I believe your best solution is the fixed roof, API tank, type of design – but with the caveats that you should have a reasonable MAWP and MAWV built into the tank’s construction. This is to furnish you with a workable instrumentation pressure range that will allow set points, alarm points and ensure a positive N2 pressure inside the tank at all times. I’ve done this numerous times in the past with old tanks in multiple services, so I know precisely what your predicament must be like. I empathize, but you must persevere and insist on having a tank with mechanical integrity suitable for the application you are intending to impose on it. It is common for plants to have storage tanks in service that have previously been specified and dealt with in a cavalier manner – simply pointing to “API” standards and letting it go at that. API tanks for chemical service are fine; however, they must be rigorously specified as to MAWP and MAWV – and applied to the corresponding chemical service with the related chemical properties and characteristics always in mind and mitigated.

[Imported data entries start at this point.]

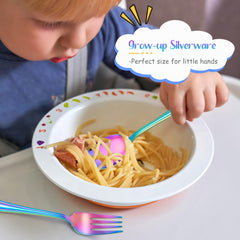 E-far Rainbow kids silverware safety tines support safe self-feeding.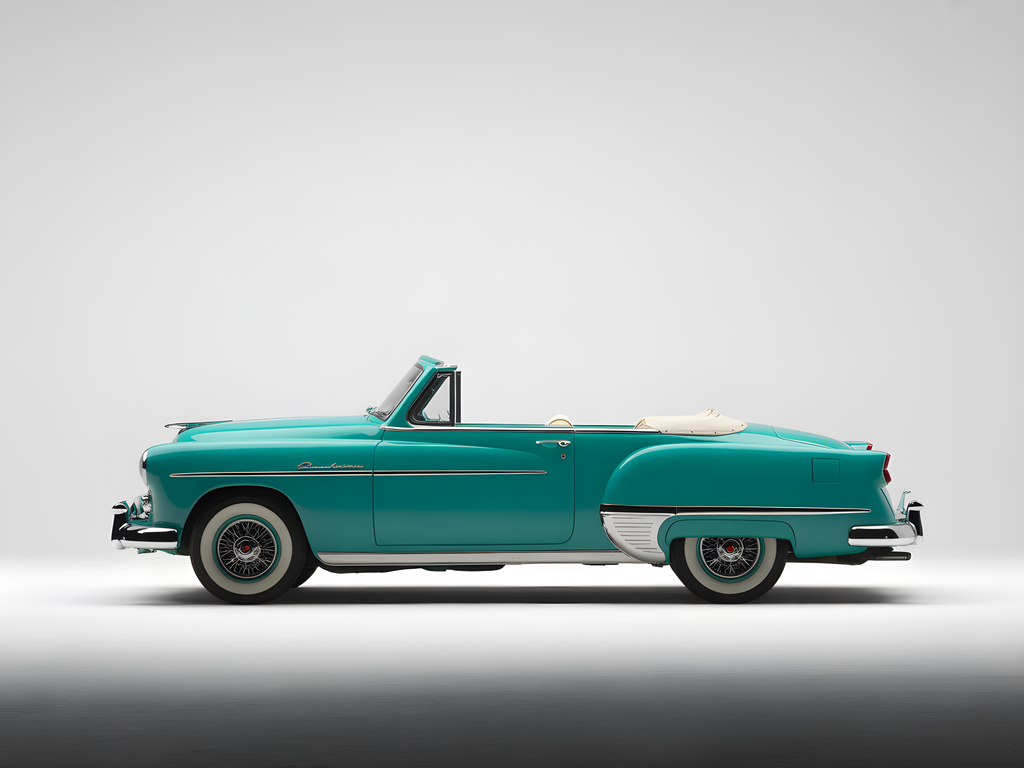 Turquoise Classic Convertible Car Minimalist Wall Art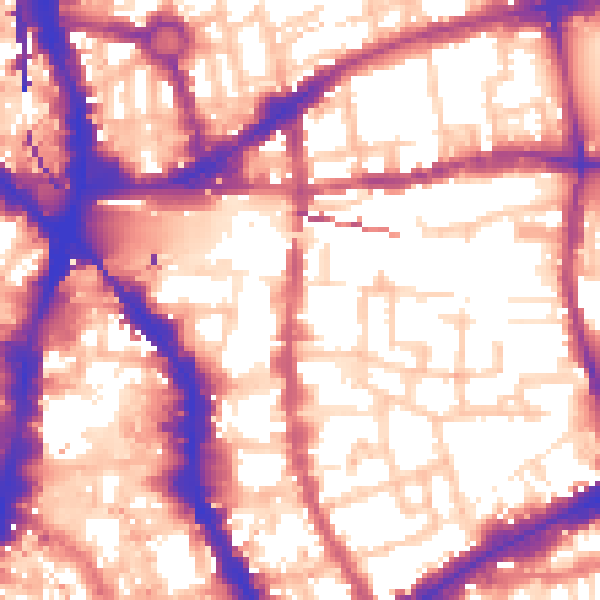 Daytime road noise heatmap for E1 6RU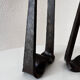 Brutalist wrought iron candlestick pair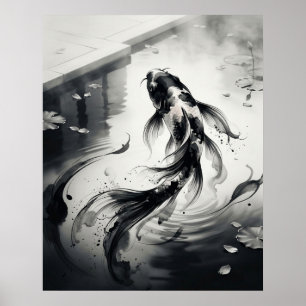Poster Pinceau Koi encre Étang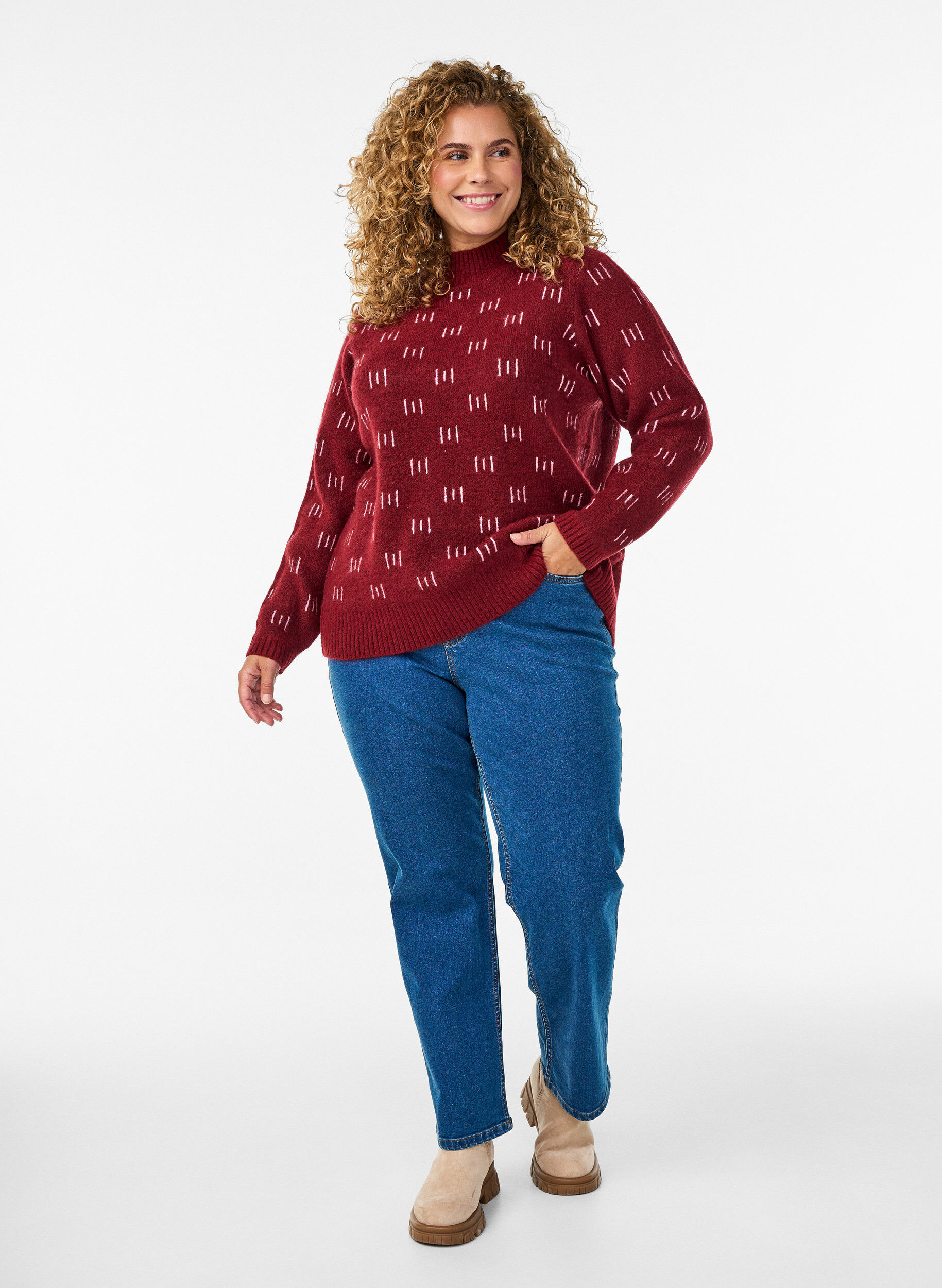 Zizzifashion Patterned knitted top with a high neck, Dark Bordeaux, Model image number 1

There are systems to recover any N2 that has to be vented due to subsequent tank fill. However, once again, there is a trade off in costs, equipment, instrumentation, and complexity. There is no easy answer and that’s why an engineer is required to “engineer” the safe, operable, and economic solution. I have organized an Excel workbook on this subject and if you go to

http://www.cheresources.com/indexzz.shtml

and get to the Forums, you’ll find threads where you can find my email address or solicit the workbook. This should orient you as to what you have to look at with respect to N2 blanketing and safe tank relief.

I hope this helps.

 

[cntrlee]

Montemayer
I have read through the threads on the specified site and have not been able to find the Excel workbook regarding vapor flammability in storage tanks

"I have organized an Excel workbook on this subject and if you go to

http://www.cheresources.com/indexzz.shtml

and get to the Forums, you’ll find threads where you can find my email address or solicit the workbook."


Thanks,
cntrlee

 

[Guidoo]

Cntrlee,

You probably missed this one

http://www.cheresources.com/invision/index.php?showtopic=573

 

[JimCasey]

Undoubtedly the most prudent way to deal with this is to inert the tank with a blanketing system.

If there are obstacles to doing that immediately, I would suggest that the breather should pass through a flame arrestor. A conservation vent inherently reduces the likelihood of inhaling an ignition source, but a conservation vent coupled with a flame arrestor would provide substantially effective protection. These are listed in the catalogs from Groth and Protectoseal, and I am sure there are others. The conservation vent is NOT incompatible with adding a Nitrogen blanketing system in the future, but it is something you can do NOW if there is a delay in being able to supply nitrogen to the tank.

 

[unclesyd]

Adding to JimCasey's concerning the use of a conservation vent on a flammable liquid storage tank. We use conservation vents connected to N2 lines on all flammable liquid, O2 or moisture sensitive storage tanks.
These vents work very well and require very little maintenance except a periodic cleaning on some tanks.

There is one caveat in that as you drain the tank it is filled with N2 and will continue to feed N2 as the tank is opened for any reason. The nitrogen system has to taken care of by the breaking and entering procedure along with the vessel entry procedure.